They often move prisoners to different prisons during the period of their sentence. However, they do not carry the belongings they initially entered with. Thus, upon their release, they may lose their important possessions, such as IDs and other paperwork necessary to access their housing.
Another significant question related to criminal justice and homelessness is the number of people losing their homes due to imprisonment. The options we gave our participants were 1/2, 1/4 and 1/3. The majority chose the correct option – 1/2 while the remaining 44.44% chose 1/4; none of the participants chose 1/3
When we enquired the participants about the American jurisdiction and its recent policy that increasingly criminalizes activities associated with homelessness, the majority of the participants i.e. 66.66% said that the statement was true while the remaining 33.33% said it was false. The correct answer is that American local authorities are increasingly criminalizing activities associated with homelessness.
Lastly, we questioned the young participants about the correlation between homelessness and young people being at risk of crime/ violence. The majority of the participants responded positively and the remaining were either unsure or did not think there is a correlation between homelessness and crime/ voice against young people. This could be one of the central findings of the survey and significant to analyze how vulnerable young people feel to crimes/violence on account of homelessness.

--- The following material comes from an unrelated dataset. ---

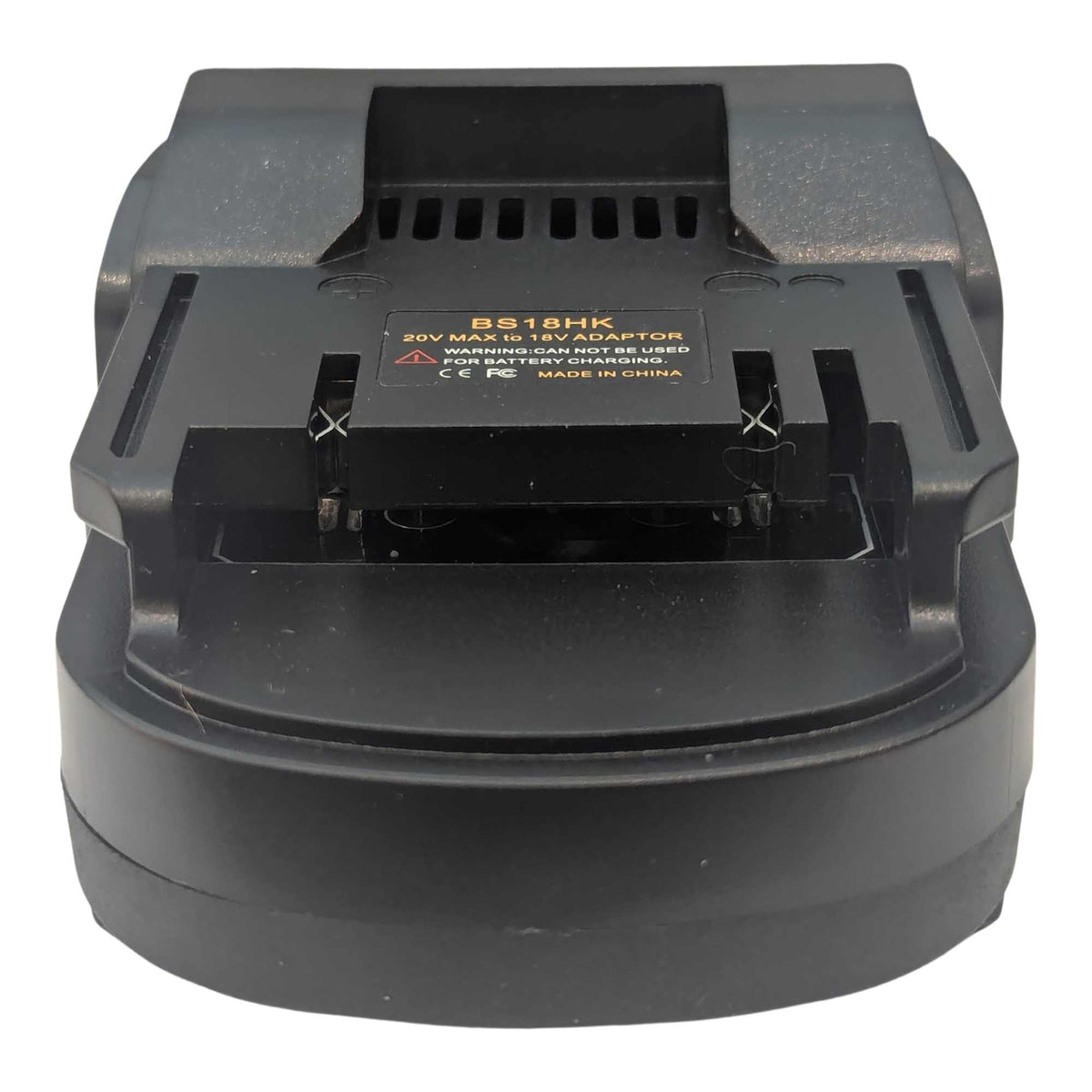 Bosch 18V GBA (Blau) auf Metabo HPT 18V Akkuadapter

We could deduce from the responses of these participants that they are concerned and realize the gravity of the issue. The young participants make a connection between violence/crime and homelessness and might feel vulnerable to its threats. The findings of our hot topic activity and young people’s perspective coincide with the findings of our research – ‘Homelessness & Ties To The Criminal Justice System – A Project by Connect Alloa, funded by Youth Scotland’. We believe that the figures are concerning and homelessness is an issue growing at an alarming rate in Clacks. As a charity promoting the voice of youth, we hope that this survey might help raise awareness and encourage further research on the topic. We believe that consideration and inclusion of public perceptions and youth opinion in policy implementation or research are vital. Lastly, we hope that our research is a small step towards finding a solution to the alarming issue of homelessness in Clacks.